A developing threat to manatees and other marine wildlife that is currently being researched is “emerging contaminants” which refers to commonly-used chemicals that are flushed into the water system. These chemicals are found in cosmetics, over-the-counter drugs and even hand soap. Research concerning how these chemicals harm marine life often is not well-received because of its wider implications on human health and modern consumerism.

“There’s interesting perspectives we have to deal with in terms of doing what’s right for the environment, and for the animals, and for us that won’t necessarily be well-accepted,” Walsh said.

Coexisting For Conservation

Whoops and cheers rose from a dense ring of people in the middle of the festival. Lucky onlookers could catch a brief glimpse below a stranger’s arm of an Australian shepherd catapulting over her owner’s back to catch a frisbee in mid-air. The Disc-Connected K9 Frisbee Show started at the Manatee Festival 24 years ago, and its talented, rescued canines have risen in fame since then.

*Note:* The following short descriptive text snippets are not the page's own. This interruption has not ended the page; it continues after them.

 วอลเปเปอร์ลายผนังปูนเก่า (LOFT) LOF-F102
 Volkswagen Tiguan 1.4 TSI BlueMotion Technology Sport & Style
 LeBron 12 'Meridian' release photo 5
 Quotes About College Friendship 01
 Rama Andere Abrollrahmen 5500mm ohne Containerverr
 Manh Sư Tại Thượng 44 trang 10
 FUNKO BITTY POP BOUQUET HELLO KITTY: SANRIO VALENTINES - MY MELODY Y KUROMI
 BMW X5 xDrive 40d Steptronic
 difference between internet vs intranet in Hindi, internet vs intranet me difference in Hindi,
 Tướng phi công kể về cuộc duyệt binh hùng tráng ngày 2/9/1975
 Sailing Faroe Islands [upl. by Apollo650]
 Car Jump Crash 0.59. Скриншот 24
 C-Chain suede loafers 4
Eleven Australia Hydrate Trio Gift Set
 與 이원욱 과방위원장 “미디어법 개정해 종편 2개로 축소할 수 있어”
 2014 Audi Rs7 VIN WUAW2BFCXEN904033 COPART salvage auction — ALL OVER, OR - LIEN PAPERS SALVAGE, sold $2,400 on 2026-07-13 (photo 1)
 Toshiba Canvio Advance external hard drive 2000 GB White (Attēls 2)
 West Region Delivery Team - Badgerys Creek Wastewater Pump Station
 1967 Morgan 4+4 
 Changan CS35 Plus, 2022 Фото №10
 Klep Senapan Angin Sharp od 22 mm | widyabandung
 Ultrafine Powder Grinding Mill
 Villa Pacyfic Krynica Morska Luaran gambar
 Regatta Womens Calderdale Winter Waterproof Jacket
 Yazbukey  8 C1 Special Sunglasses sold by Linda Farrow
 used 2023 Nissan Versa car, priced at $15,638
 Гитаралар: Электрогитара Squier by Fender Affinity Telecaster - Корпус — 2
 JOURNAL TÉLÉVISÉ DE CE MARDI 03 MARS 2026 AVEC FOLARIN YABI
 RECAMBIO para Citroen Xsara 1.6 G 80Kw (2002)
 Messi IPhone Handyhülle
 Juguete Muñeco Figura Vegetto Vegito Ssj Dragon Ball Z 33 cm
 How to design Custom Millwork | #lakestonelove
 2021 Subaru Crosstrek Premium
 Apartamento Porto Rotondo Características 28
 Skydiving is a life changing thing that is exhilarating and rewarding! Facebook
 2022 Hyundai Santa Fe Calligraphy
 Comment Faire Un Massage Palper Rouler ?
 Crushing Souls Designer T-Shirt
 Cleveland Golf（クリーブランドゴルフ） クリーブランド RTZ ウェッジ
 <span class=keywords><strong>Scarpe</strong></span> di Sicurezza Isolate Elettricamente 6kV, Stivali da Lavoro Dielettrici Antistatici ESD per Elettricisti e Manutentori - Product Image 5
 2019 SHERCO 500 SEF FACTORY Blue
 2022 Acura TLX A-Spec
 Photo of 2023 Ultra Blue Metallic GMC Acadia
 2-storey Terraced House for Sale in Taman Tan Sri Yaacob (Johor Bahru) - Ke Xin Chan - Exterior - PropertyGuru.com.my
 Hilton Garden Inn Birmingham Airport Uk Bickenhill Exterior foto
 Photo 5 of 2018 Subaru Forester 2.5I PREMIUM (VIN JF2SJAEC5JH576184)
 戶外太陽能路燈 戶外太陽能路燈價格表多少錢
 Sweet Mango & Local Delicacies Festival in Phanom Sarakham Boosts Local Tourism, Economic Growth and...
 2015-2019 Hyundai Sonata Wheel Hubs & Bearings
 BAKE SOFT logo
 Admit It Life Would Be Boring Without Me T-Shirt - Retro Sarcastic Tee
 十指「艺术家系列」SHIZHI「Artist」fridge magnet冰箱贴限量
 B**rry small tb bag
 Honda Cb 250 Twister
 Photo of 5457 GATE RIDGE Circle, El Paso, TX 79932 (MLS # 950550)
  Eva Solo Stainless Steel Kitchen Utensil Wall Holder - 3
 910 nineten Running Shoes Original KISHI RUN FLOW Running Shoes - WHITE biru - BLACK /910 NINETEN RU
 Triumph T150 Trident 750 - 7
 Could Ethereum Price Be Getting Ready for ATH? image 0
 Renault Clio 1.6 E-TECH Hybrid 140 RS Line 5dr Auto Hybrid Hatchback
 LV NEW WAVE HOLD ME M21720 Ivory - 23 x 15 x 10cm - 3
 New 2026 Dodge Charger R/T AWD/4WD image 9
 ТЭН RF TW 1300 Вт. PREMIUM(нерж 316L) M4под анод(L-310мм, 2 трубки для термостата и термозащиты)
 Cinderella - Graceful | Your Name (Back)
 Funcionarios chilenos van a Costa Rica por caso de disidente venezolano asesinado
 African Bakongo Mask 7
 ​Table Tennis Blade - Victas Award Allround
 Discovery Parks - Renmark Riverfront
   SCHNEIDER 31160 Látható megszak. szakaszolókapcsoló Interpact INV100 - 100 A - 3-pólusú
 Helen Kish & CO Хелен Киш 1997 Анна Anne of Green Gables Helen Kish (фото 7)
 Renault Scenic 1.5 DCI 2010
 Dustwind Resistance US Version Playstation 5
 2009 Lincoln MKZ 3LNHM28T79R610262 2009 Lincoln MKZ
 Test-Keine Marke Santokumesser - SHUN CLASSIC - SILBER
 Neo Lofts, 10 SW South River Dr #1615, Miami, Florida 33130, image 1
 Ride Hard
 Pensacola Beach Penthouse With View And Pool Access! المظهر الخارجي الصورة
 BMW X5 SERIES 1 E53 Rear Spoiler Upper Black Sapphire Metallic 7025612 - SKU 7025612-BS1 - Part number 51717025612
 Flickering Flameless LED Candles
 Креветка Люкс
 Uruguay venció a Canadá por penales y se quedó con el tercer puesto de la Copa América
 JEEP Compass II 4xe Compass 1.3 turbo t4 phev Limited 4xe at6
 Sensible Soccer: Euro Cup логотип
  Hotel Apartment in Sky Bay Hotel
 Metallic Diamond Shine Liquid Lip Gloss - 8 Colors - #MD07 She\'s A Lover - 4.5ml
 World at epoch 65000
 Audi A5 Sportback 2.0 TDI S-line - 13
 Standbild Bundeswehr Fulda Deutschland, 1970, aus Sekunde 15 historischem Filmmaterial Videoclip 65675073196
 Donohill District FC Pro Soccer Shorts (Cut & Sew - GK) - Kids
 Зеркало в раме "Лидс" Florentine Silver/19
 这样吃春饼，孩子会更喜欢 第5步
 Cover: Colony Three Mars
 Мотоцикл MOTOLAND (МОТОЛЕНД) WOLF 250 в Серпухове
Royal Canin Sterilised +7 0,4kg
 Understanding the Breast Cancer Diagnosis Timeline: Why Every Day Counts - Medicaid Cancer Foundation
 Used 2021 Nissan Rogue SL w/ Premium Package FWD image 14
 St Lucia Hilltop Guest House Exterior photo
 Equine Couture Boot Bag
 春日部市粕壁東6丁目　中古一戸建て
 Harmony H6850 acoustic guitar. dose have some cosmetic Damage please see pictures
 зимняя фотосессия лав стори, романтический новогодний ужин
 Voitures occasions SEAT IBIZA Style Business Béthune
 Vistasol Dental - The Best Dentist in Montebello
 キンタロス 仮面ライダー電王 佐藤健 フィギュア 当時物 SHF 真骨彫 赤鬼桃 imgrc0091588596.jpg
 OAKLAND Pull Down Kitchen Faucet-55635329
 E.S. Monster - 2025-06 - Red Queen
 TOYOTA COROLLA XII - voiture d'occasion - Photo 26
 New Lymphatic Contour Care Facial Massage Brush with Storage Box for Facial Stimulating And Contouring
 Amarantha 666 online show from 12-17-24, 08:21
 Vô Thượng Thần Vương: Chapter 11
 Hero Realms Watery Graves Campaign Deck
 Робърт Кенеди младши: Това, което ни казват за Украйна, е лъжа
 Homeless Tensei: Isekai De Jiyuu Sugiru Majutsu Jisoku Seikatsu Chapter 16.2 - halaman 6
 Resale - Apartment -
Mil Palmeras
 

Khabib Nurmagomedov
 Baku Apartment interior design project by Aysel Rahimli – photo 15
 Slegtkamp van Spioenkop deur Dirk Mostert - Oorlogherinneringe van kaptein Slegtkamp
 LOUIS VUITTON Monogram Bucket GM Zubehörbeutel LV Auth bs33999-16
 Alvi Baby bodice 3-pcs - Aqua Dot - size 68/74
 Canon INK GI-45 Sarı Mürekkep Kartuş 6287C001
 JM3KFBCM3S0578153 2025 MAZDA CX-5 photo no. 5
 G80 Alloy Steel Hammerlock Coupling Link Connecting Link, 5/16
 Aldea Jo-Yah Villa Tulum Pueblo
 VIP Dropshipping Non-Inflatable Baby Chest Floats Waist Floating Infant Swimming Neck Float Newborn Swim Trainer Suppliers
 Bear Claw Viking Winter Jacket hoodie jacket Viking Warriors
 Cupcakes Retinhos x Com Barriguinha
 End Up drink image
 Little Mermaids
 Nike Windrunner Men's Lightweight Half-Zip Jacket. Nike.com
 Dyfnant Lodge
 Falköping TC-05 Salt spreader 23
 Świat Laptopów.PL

Volunteers from the Sorosis Club, Eagles Club and Friends of Blue Spring worked beneath tents emblazoned with their logos at the Manatee Festival. Fifth graders from Osteen Elementary school volunteered in a tent where they proudly showcased their Florida animal projects.

By hosting the Manatee Festival, Allebach aims to inspire members of the community, particularly the younger generation, to care about the natural world around them instead of being absorbed in a digital one.

“If you look at this fifth grade class, they get to learn about it, study about it –– it’s things they don’t see in video games and cartoons and eating chicken nuggets. It’s a totally different perspective,” he said. “We eat into the apathy by showing it off.”